It was birdy at Belle Isle on the last Sunday in September but all were hidden in the still thick leaves and, although I had some close chances, no real photos ops.
Above and below: worn common checkered skipper (Pyrgus communis). It's been quite awhile since I've seen one and, as discussed this summer, I am out-of-practice with my skipper identification.
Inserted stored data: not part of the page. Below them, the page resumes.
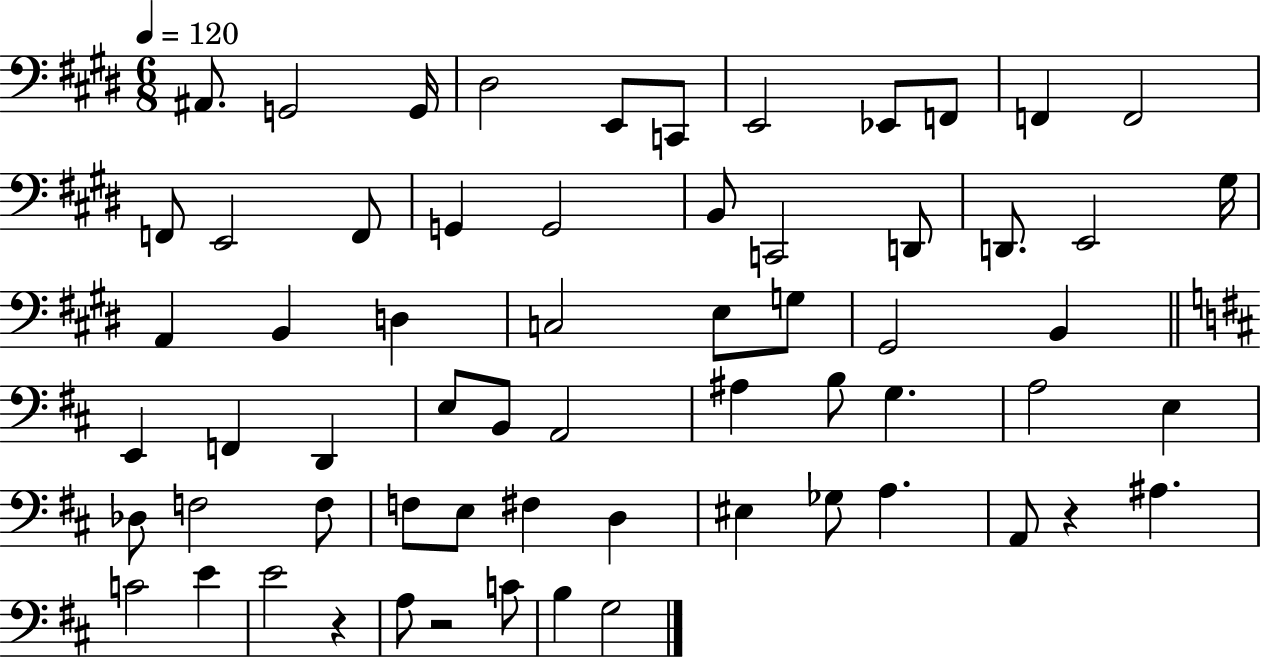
X:1
T:Untitled
M:6/8
L:1/4
K:E
^A,,/2 G,,2 G,,/4 ^D,2 E,,/2 C,,/2 E,,2 _E,,/2 F,,/2 F,, F,,2 F,,/2 E,,2 F,,/2 G,, G,,2 B,,/2 C,,2 D,,/2 D,,/2 E,,2 ^G,/4 A,, B,, D, C,2 E,/2 G,/2 ^G,,2 B,, E,, F,, D,, E,/2 B,,/2 A,,2 ^A, B,/2 G, A,2 E, _D,/2 F,2 F,/2 F,/2 E,/2 ^F, D, ^E, _G,/2 A, A,,/2 z ^A, C2 E E2 z A,/2 z2 C/2 B, G,2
Above: Great blue lobelia (Lobelia siphilitica)* a native perennial of wet woodlands, swamps and floodplains - all three describe the woods of Belle Isle well. Initially I called this bittersweet nightshade (Solanum dulcamara), a non-native perennial*. I may have made this error because of the variability of L. siphilitica, and I did not check enough sources for bittersweet nightshade. Its flower actually bears no resemblance to the flower of great blue lobelia. Look at the name siphilitica. In days of yore when we did not have effective treatments, this name comes from the mistaken belief that the alkaloids in the roots could cure syphilis. Actually the alkaloids in the roots can cause vomiting. Toxicity is also a feature of bittersweet nightshade's alkaloid roots - hence its name. Nevertheless, both are beautiful
Spicebush berries are thick and numerous in may spots now so there is plenty of food for thrushes, waxwings and others. Swainson's thrushes were heard in a couple of spots thick with spicebush berries. At one point a fresh Spicebush swallowtail flew over the path.
I don't know what these berries are. I found them in only one spot and I was tempted to try them. Hanging in clumps they looked like concord grapes.
*Wildflowers of Michigan Field Guide by Stan Tekiela, Adventure Publications, pages 23 and 125. (A handy and portable little guide for novices like me.)